Pranaya told Pratibha to hurry up because the dusk was growing thicker every other minute, and the street lights had already come on. They had to cross the road and go across the overhead bridge to catch the bus to their destination. Since it was their first experience riding a bus along that route, the couple were a little worried. Pranaya walked ahead, and Pratibha followed him. She remembered to buy some apples from a fruit vendor standing at the side of the road. The apples would be good for gifting her maternal grandparents.
Pranaya put the plastic bag with apples into his rucksack. Pratibha paid the money to the fruit vendor from her purse, which she kept in her handbag. Then, they hurried to the bus stand where they found several minibuses with their helpers yelling at the passengers to call them. They had to find the bus to Thankot; therefore, Pranaya asked some men about the route number of the bus they were supposed to catch. They had to run wildly here and there for some time. Finally, they heard a bus helper screaming: “Thankot … Thankot … Thankot.”

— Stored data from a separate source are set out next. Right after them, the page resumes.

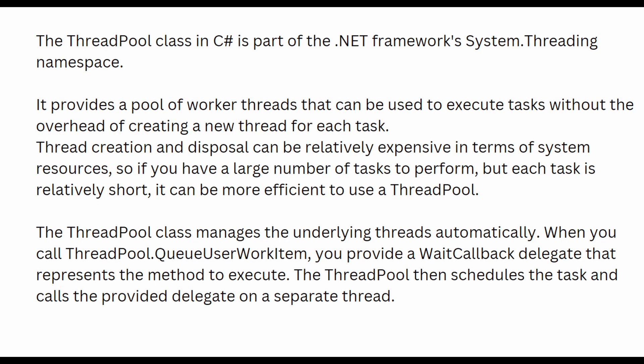On the other hand, if you want to perform a long-running operation, you might be better off creating actual threads. Since long-running operations can tie up the ThreadPool threads and lead to thread pool starvation, in this case it might be more appropriate to create a dedicated thread.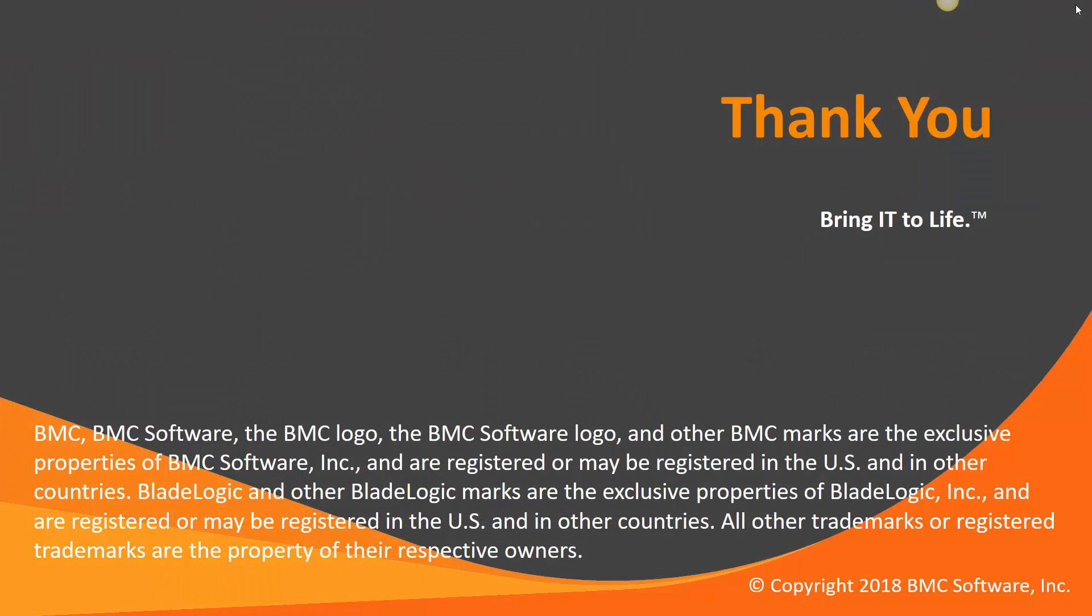All right. Thank you. And let us know how the Control-M Workload Automation Support Team can help.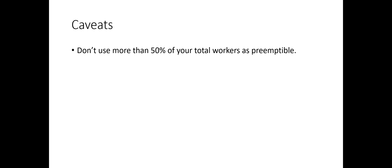A good measure is to have not more than 50% of your workers as preemptible. Also, your jobs might experience high number of task failures when workers are preempted. So you should increase the tolerance by setting following properties in your cluster.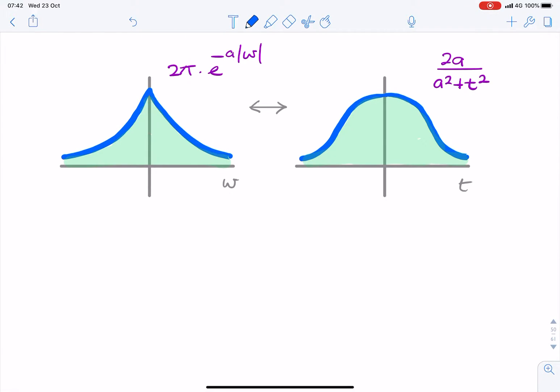In this question, we're trying to find the energy of this signal, and we're given an expression for the signal in the frequency domain and in the time domain.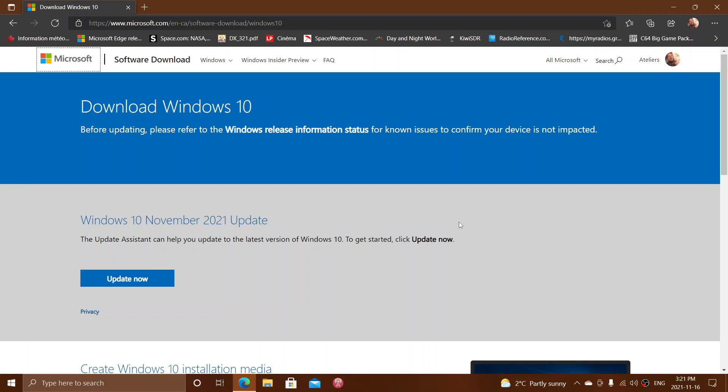So if you want to download it right now or have an image for future installs, they updated the media creation tool and the download page. I'm going to share this page with you guys and I hope that you enjoy.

The minibus was almost empty at first. But a crowd of people gathered soon around the door of the minibus, which was moving ahead in slow motion. Pranaya was alert that there might be pickpockets in such a crowd. Therefore, he told Pratibha to hide the gold chain around her neck under her kurta-collar. She also hid her earrings under the shawl that she used for covering her head and shoulders. She was carrying her peach-colored handbag, hanging down from her right shoulder. She held her handbag firmly under her right armpit while climbing up the minibus.
But at the door of the minibus, people were pushing and pulling each other to get on board. It was the last bus to Thankot, so the people were competing with each other in a do-or-die situation. Pranaya was cautious of the possibility of thugs around him, so he caught both side-handles of the bus door firmly and pushed Pratibha up with his chest using all his might. Pratibha, with a great effort, finally succeeded in getting on the bus.
The experience in itself was like winning a wrestling match. The crowd pushed them further away from the door. In a while, they found themselves in the middle part of the minibus. It was very narrow and dark inside, but more and more people were gushing in. Somebody pushed Pranaya’s rucksack so hard that his right shoulder suddenly felt the weight of the whole Earth on it. He dropped his heavy bag to the bus floor for a while to give his shoulder some rest. It was then that Pratibha realized she had already lost her precious handbag.
Pranaya was clueless at first about what to do. He took out his mobile phone and dialed Pratibha’s saved number. The ring went on for a while and then disconnected. He repeated this action while both he and his spouse listened keenly for the ringtone inside the minibus. But they did not hear it. The minibus had by now arrived at Tripureshwor, far away from the place where Pratibha had lost her handbag.
Pranaya kept dialing Pratibha’s phone number. Though by now the couple had lost hope, Pranaya’s heart did not accept defeat. He kept dialing all along the journey until it said, “The mobile you dialed is switched off,” when they had arrived at Satungal. It was already 9:00 p.m. when they reached their destination, with sunken hearts, defeated.